Late last year right after Christmas, a big oak tree fell down a few blocks from home. It was very windy that day. There was a power outage at Sta Rita right after Pika's and my food had been microwaved. So many trees crashing down on the power lines. Lucky for us, the big oak missed the high power lines and just took out the cable and phone lines, pulled askew two telephone poles, and smashed one vehicle. No one hurt. The tree was already in its final suffering. A fungus had chewed out almost all of its insides. The evening it fell, Alice took me to see the telephone and power workers. At least a half dozen neighbors were also there watching including our pilot friend and neighbor, Art. All thinking about the oak. The end of the year. The cold. The new empty space.
A few weeks later, Alice took this picture of me with the stump. It makes her think of a newspaper article her sister blogged about today. Joshua Bell playing a real Stadivarius violin in the Washington DC Metro L'Enfant Plaza station around 8AM. How all the little children wanted to stop and listen but all were dragged away by adults. Alice has been at that station around that time of day several times. Most people are frantically trying to get to work on time. Thoughts not on or able to be what is in front of their ears and noses. Human adult time.
Kid and dog time. We just look at life differently.
I'm glad Alice and Pal's lady didn't drag us away today, instead letting us pick where to walk and sniff for at least three blocks. They enjoyed seeing us becoming bolder. Getting past our normal shyness around other dogs.
And, sometimes, I like to stop and give a special sniff to the old oak tree stump and remember how deep its shade was. Thinking about all the other dogs who have sniffed it. And loved it. And sometimes I just blast right by it.

Friday, April 06, 2007

New Houses

Construction at Cody's old place is moving along. We can see now what will be on the zigzaggy edge of the concrete floor. Lots of complicated woodwork has been done all around the house. But best of all, my favorite clump of plants in a parking strip there is left untouched for us dogs.

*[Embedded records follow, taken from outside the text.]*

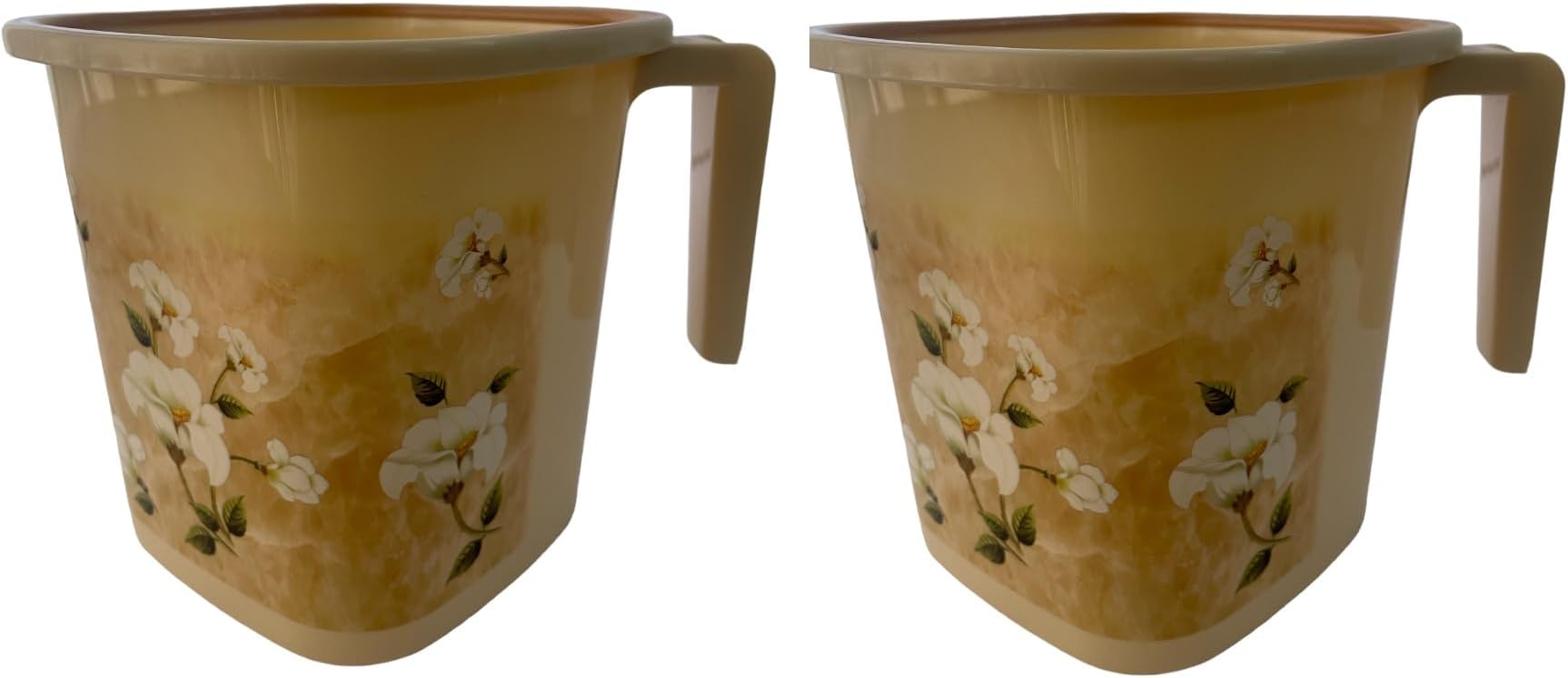 Homely Bathing Mug Certified Bath Water Mug Capacity 1.5Litre Square Design BPA Free Camping Mug Dabba Bathroom Mug Cup - Assorted Colors (Pack of 2, Light Brown)
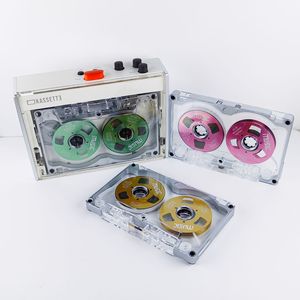 Casete de Audio Transparente de 50 Minutos, Bobinas Doradas, Plateadas y Rosas, Retro, Coleccionable, Grabable, de Plástico ABS - Product Image 1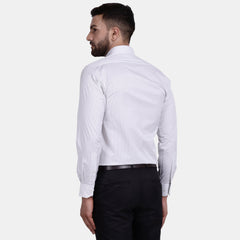 Men's Luthai Supima Mercerised Cotton Verticle Pin Stripe Design Regular Fit Dress Shirt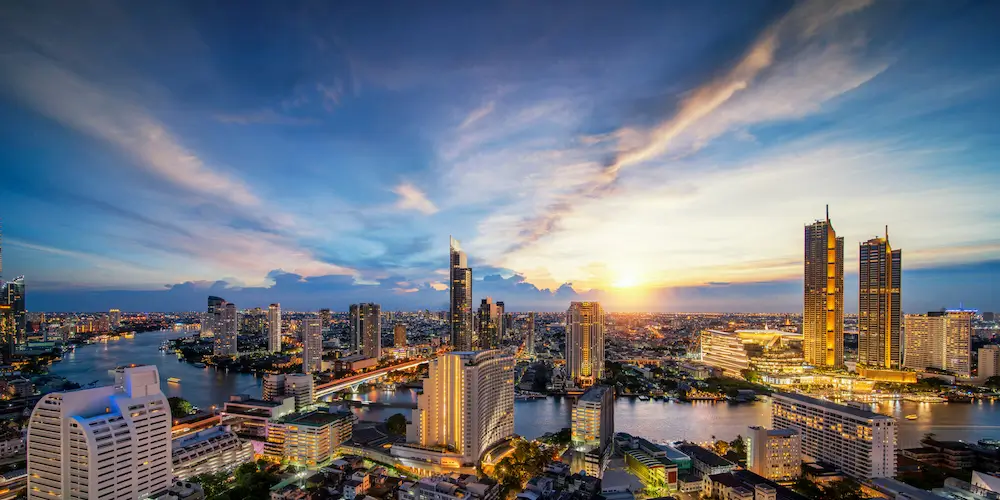 Bangkok from roof top during sunset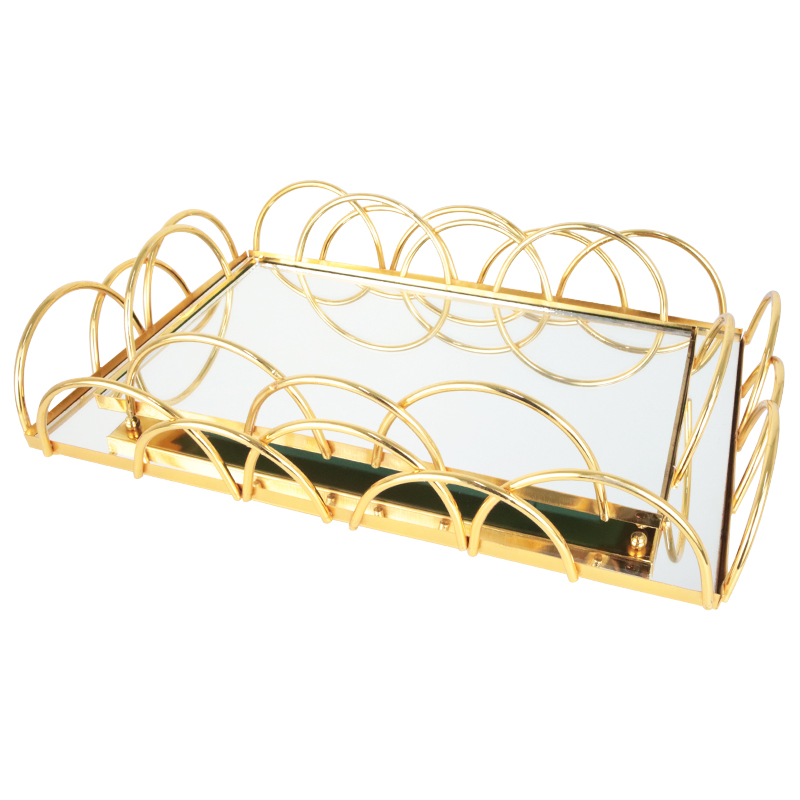 SET 2 PLATEAUX DECO METAL 40X27 CM / 34X21 CM MODELE OR 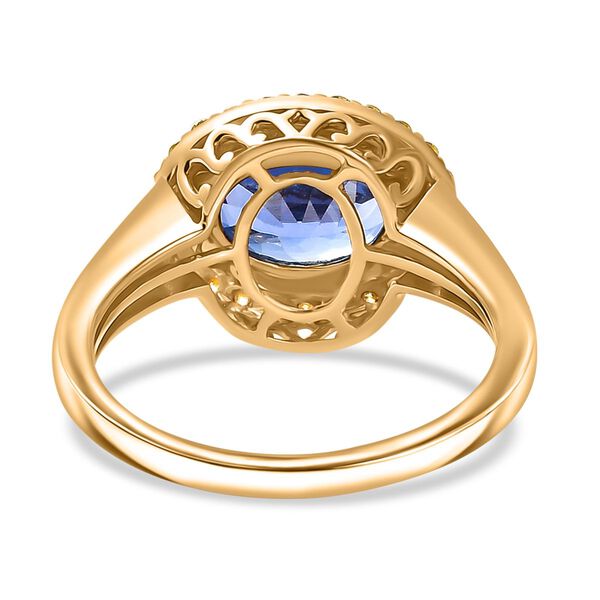 AAA Tansanit und nat&uuml;rlicher gelber Diamant Ring in 585 Gold - 2,17 ct. image number 5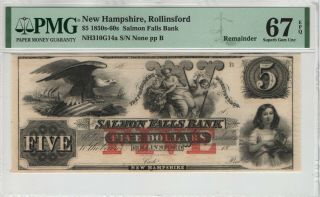 1850 $5 Salmon Falls Bank Rollinsford Hampshire Obsolete Remainder Pmg 67 Q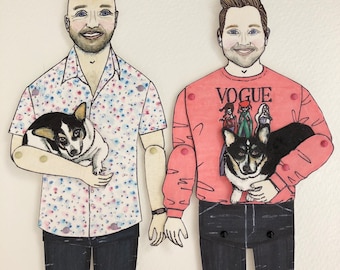 フレームなしの特注ペーパードール家族結婚記念日誕生日ポートレート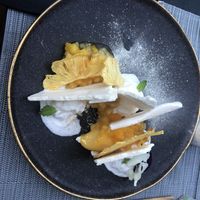 Tasty vegan meringue with sorbet   at Gorilla in Lagos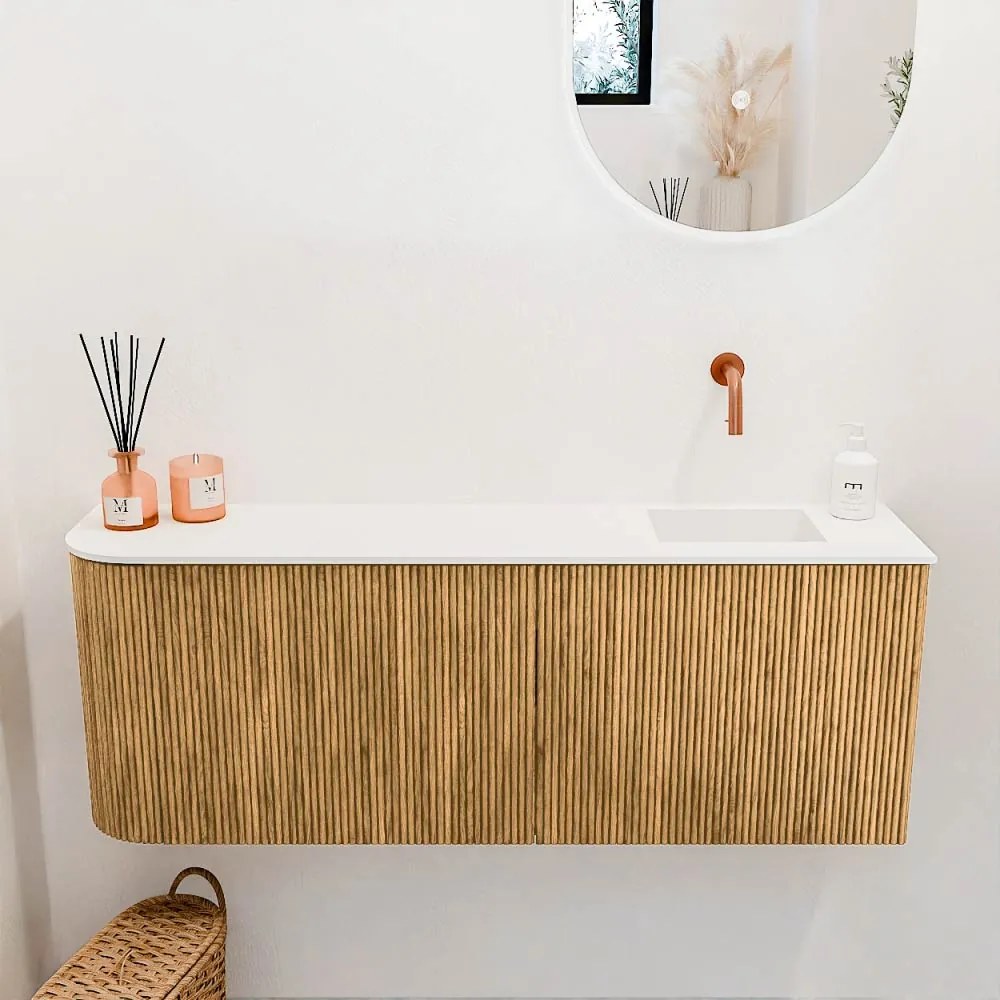 Mondiaz Joya 110cm toiletmeubel ronding links oak met wastafel faye rechts zonder kraangat talc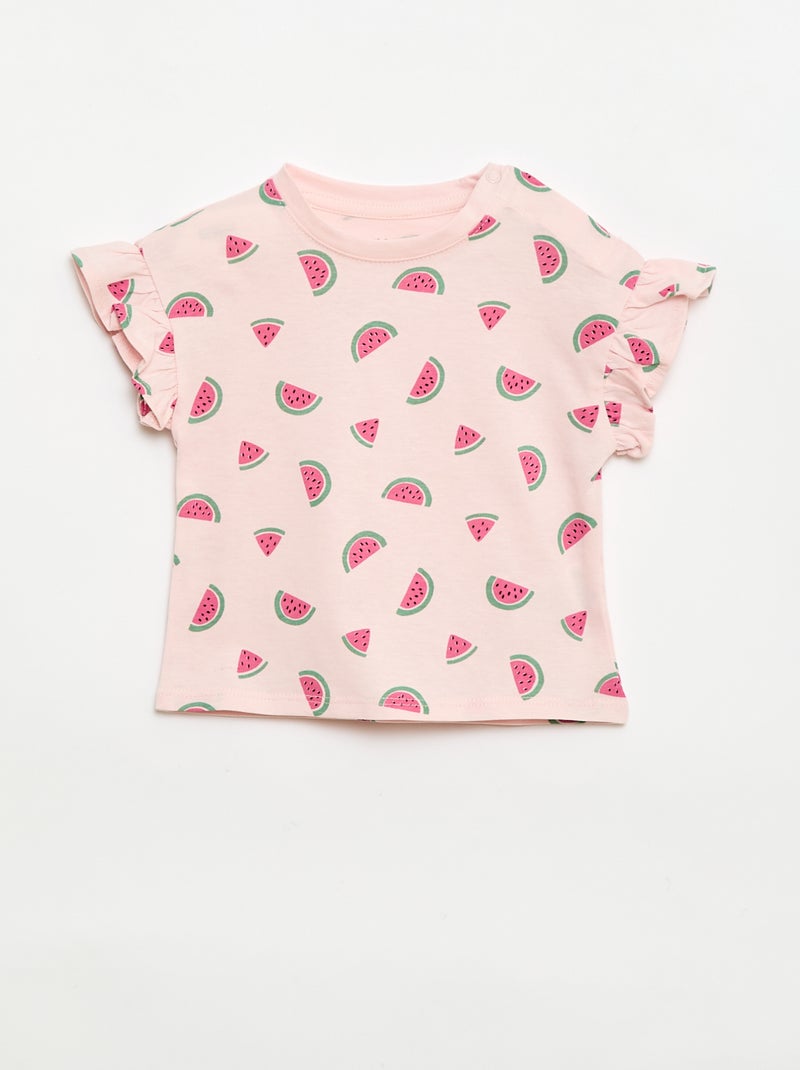 Lot de 2 T-shirts à manches courtes en jersey de coton Rose - Kiabi
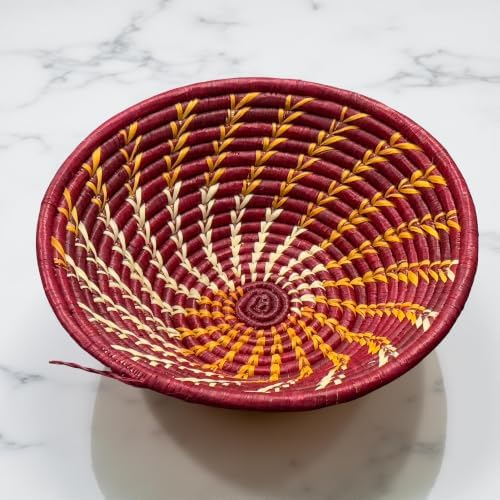 Handwoven African Basket Bowl for Fruits Wall Decor 10in diameter - Image 2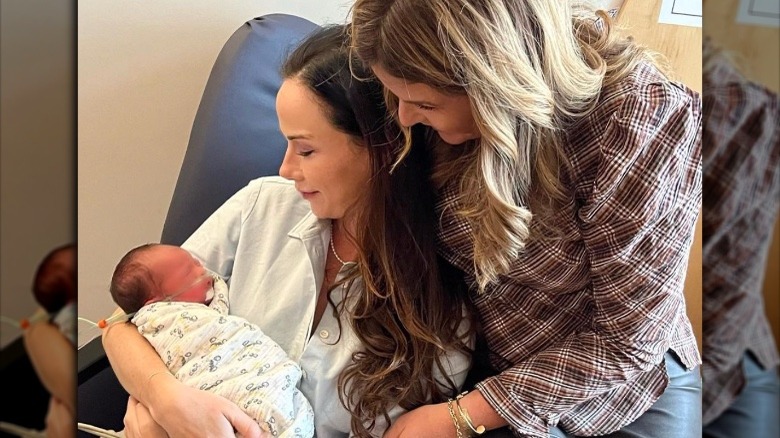 Barbara Bush and Jenna Bush holding baby Cora 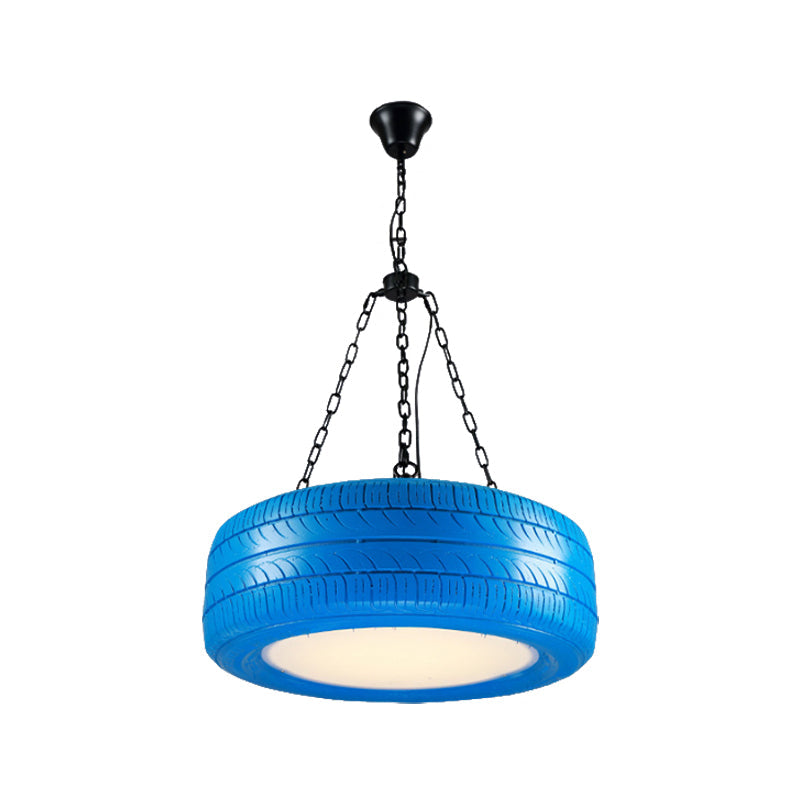 Industriële Hanglamp Autoband Rubber met Ketting voor Bar | Creatieve Verlichting Groen Geel Roze Rood Blauw | Sansoti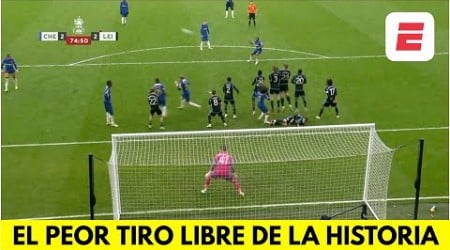 EL PEOR TIRO LIBRE DE LA HISTORIA. Sterling la mandó a las nubes en CHELSEA vs LEICESTER | FA Cup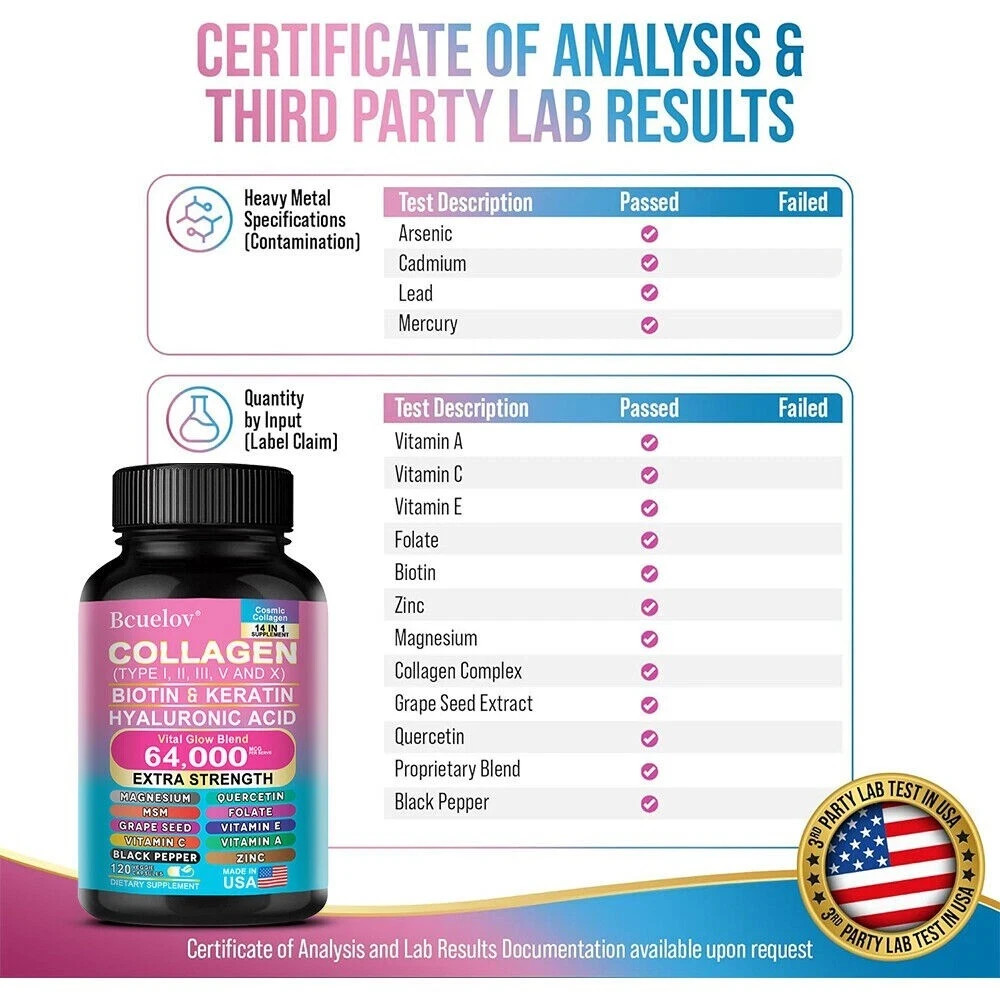 Zoyava 14 in 1 Multi Collagen Capsules, Biotin Keratin Hyaluronic Acid, 90 Capsu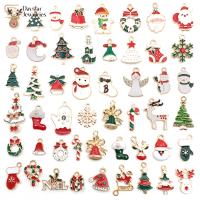 Gold Enamel Christmas Pendant , Metal Charms Diy Jewelry Making Pendants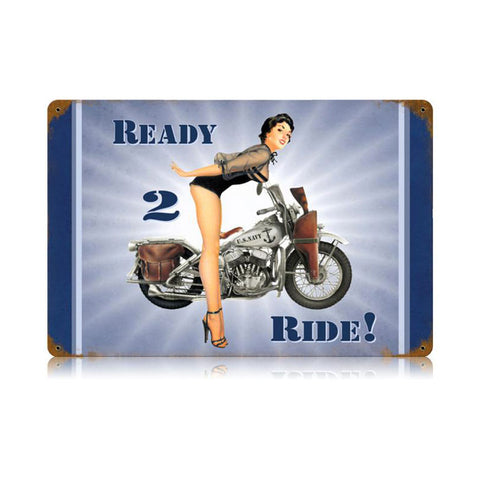 Navy Ready 2 Ride Vintage Sign Metal Sign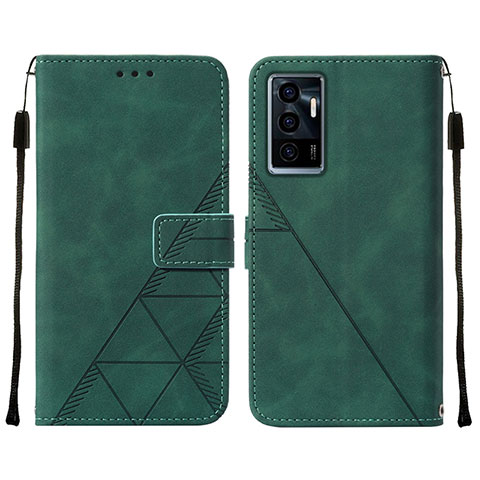 Coque Portefeuille Livre Cuir Etui Clapet Y01B pour Vivo V23e Vert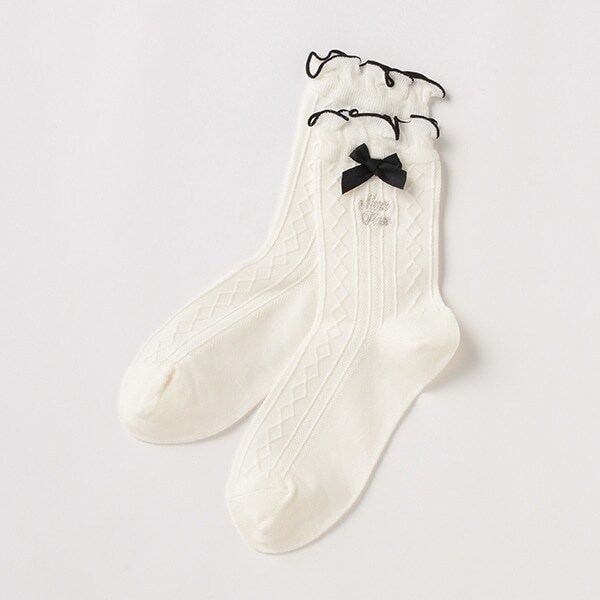 フリルリボンクルーソックス【日本製】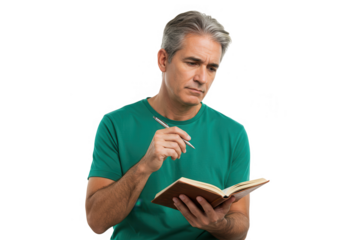 A casual man with gray hair is holding a notebook and pen while thinking deeply isolated on transparent background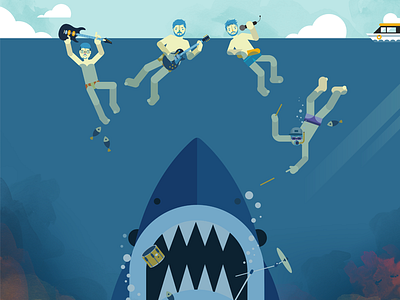 Jaws animal band graphic illustration jaws jayekang love music nature ocean shark story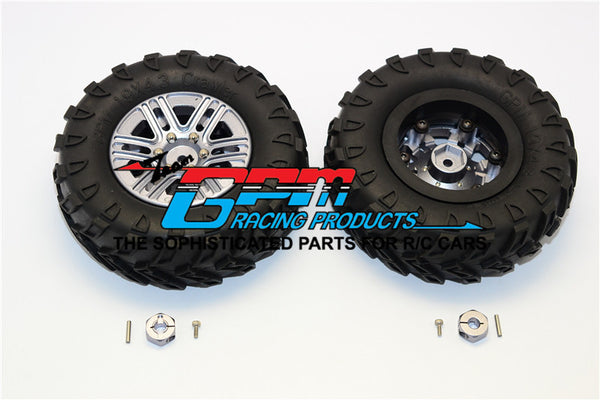 Plastic 6 Poles Simulation Wheels In Silver Screws With 1.9" Crawler Tire & 12mm Hex Tool - 1Pr Gray Silver
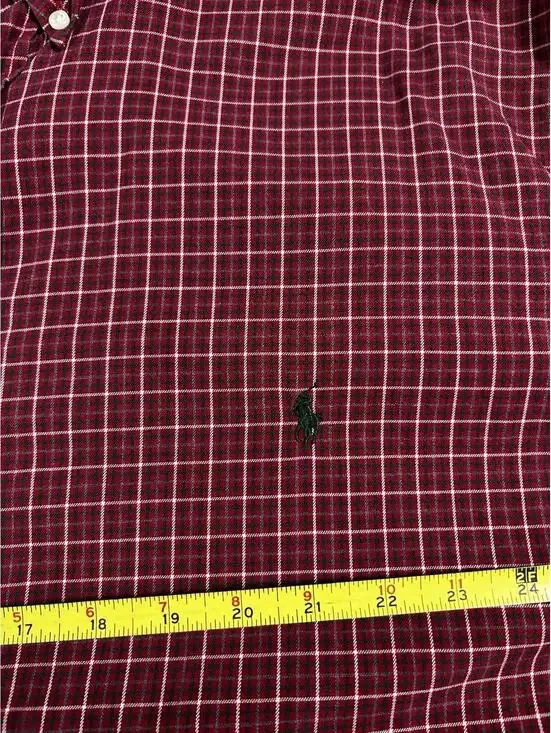Polo Ralph Lauren Men 3XB Plaid Button Down Shirt Dark Red Green White Cotton - Picture 6 of 6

Another project nearby got its walls up in the past few days. We saw the guys tilt up one wall. But there is not much there interesting to me. A dead zone for us dogs.

Wisteria has opened all over. Here is one of Alice's favorites across the street from Stella's house.

Thursday, April 05, 2007

Apricots and Jane's Advice

Alice and I invited Pelle and Pasty with their Jane for lunch. Have to say.... from the canine perspective it was a bust - people-food handout-wise. Still.... We dogs all got lots of attention. I got a Greenie and lap sits. Pelle got to chat with all the neighbor dogs. Pasty got a tickle session. Then we all had a walk.

Alice told Jane our apricot tree usually drops the fruit before it is matured. Jane said that sounds like a vitamin deficiency. I could have told Alice that. If only she could understand everything I say.

Wednesday, April 04, 2007

Bubble Box

Alice took me to see the new bubble box hole at Sta. Rita. I didn't want to get near it. Bad vibes from that suspiciously straight-sided hole. No dog did that! Alice says it will be filled with rocks and such to collect rain water so the new lawn won't get flooded. Hmmmm. I would have liked a fresh water pond there for hot days. I'll have to make do with a water bowl inside.

Sunday, April 01, 2007


Honeybee's person Brenda told Alice and me yesterday that little black puppy living with "Bark Jump, Jump Bark" is named Licorice. And its person is Natasha. Licorice has come to live with them forever.

We dogs love forever homes. Or at least forever people. Or forever families. I have a home with Alice and her family. Honeybee, the black lab, has a home with Brenda behind the white picket fence.